Just go to your local welding supply company. MC grade is metal core 
welding wire in all type of alloys. Use in coils of MIG welding and 36 inch 
TIG wire.

It is a wire of a metal jacket and a core of a alloy that matches the alloy 
you are welding. There are different types of wire for mild steel to a high 
tensor alloy.

Unlike a FC grade wire, which is a flux coated wire. I do not like this 
wire, because it has too much spatter. The MC grade has hardly no spatter, 
weld bead is flatter and you can cut the gas pressure back some.
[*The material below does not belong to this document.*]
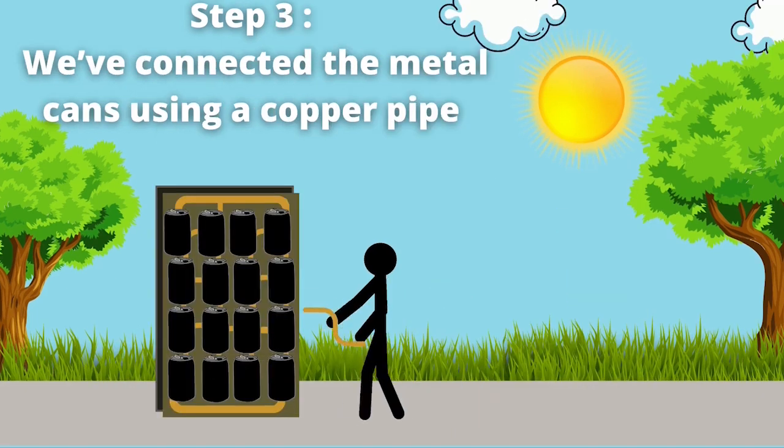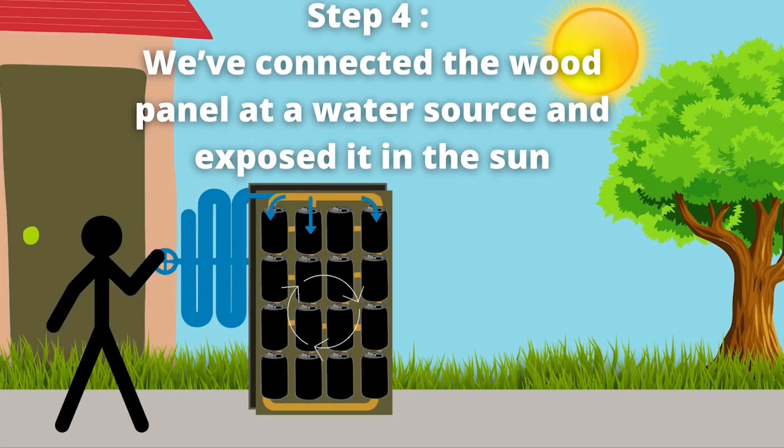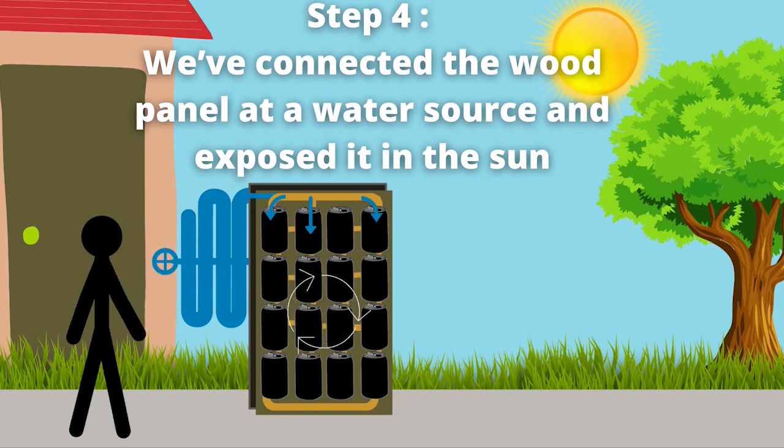Step 3: We have connected the metal cans using a copper pipe. Step 4: We have connected the wood panel at the water source and exposed it in the sun.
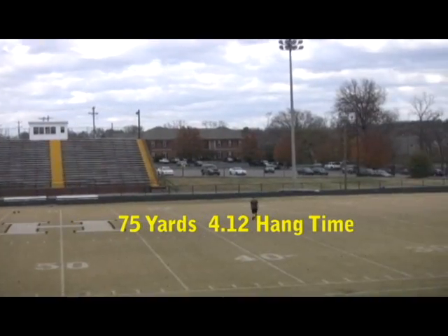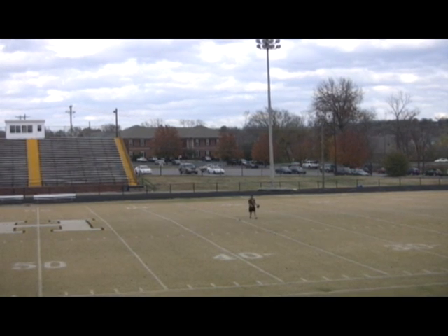We have a 4 second hang time with a distance of 75 yards.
The old school welders may be set in there ways, and only use the solid wire 
and stick flux wire. I ran into one old guy that still welds thin wall 
tubing with a buzz box with a lot of burn threw and lumps of weld bead and 
does not know or want to learn about any high tech welding methods.

Roland




----- Original Message ----- 
From: "David Dymaxion" <[email protected]>
To: "Electric Vehicle Discussion List" <[email protected]>
Sent: Wednesday, May 28, 2008 6:14 PM
Subject: [EVDL] MC grade welding rod?


> Another lister suggested the book "How to Weld Damn Near Anything." I 
> ordered it, and it is an excellent book.
> The book suggested using expensive "MC grade" welding rod for TIG welding. 
> It claimed this better rod would turn a mediocre welder into a great 
> welder. Well, I need all the help I can get, and like the idea of using 
> really high quality material anyway.
> My local welding shop, a well equipped shop, never heard of "MC grade," 
> nor did the other shop they called. So here are my questions:
> o Where can I find this "MC grade"
> o Is there something similar, like an aircraft grade?
> o Does it help to use expensive welding rod?
> As always, many thanks for the helpful info.
>
>
>
>
>
> _______________________________________________
> For subscription options, see
> http://lists.sjsu.edu/mailman/listinfo/ev
> 

_______________________________________________
For subscription options, see
http://lists.sjsu.edu/mailman/listinfo/ev


----------



## EVDL List (Jul 27, 2007)

never heard of MC grade, was this book british?.
tig is good as it gets I have never seen tig rod come in grades , only metal
types, mild steel, stainless so on, tig is the hardest to get good at.
great for rockets and little stuff a waste of time on a car frames or batt
box.
A monkey can be trained to wire feed, and anyone can stick if they have the
right rod for the job.
depends on what you are welding??

On Wed, May 28, 2008 at 7:14 PM, David Dymaxion <[email protected]>


> wrote:
> 
> > Another lister suggested the book "How to Weld Damn Near Anything." I
> > ordered it, and it is an excellent book.
> ...


----------



## EVDL List (Jul 27, 2007)

wow I spent a year in welding school and never used the term MC, we talked
flux core, but just called anything not flux core solid wire.
I thought he was talking about tig?
not wirefeed



> Roland Wiench <[email protected]> wrote:
> 
> > Hello David,
> >
> ...


----------



## EVDL List (Jul 27, 2007)

Why all this speculation when Google is at your fingertips?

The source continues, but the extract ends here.